I agree with Dman and what observers and well wishers found frustrating in the early years of the Cambridges' courtship, that there is always quite a lot of (unnecessary IMO) sneaking around involved in dating a Royal. There were hardly any photos of Will and Kate in the first couple of years of their dating life and they were living in the same country!

In Harry's case we've had a statement that he is dating Meghan, yet some people still don't believe it or are making up ulterior motives for it.

It would be better surely to have lunch or dinner dates or go to the pub as 99% of couples do, especially when Harry is in Toronto, a very laid back town, and let the cards fall where they may as far as paps and onlookers with cell phones are concerned.

At least then, people who don't believe that this a serious romance will have the evidence in front of them before the engagement announcement.

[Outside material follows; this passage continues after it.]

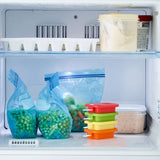 4 Stackable Popsicle Molds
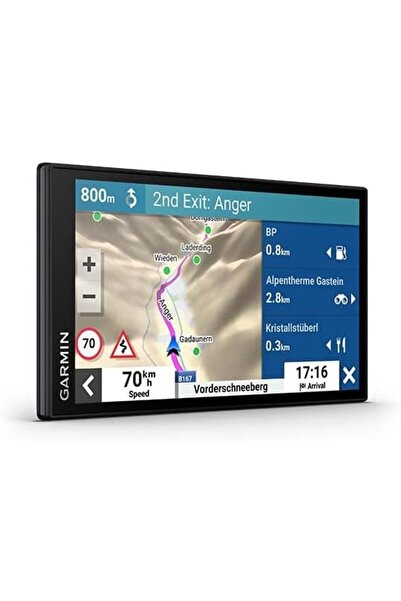 Garmin DriveSmart 66 Traveler's Edition MENA/EU MT-S GPS Navigator with Voice...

After all Harry and Meghan would only be doing what the majority of dating couples do, enjoying each other's company. And quite frankly, at least after a while, I doubt they'd be bothered very much, at least not in Canada.

The cloak and dagger stuff, the trying desperately for privacy at times when it's not really necessary, holed up inside your home when you'd really like to go out, is like some board game played with the tabloid press, 'Catch Me When You Can!' it ought to be called, and as a long time Royal watcher I just find it very irritating.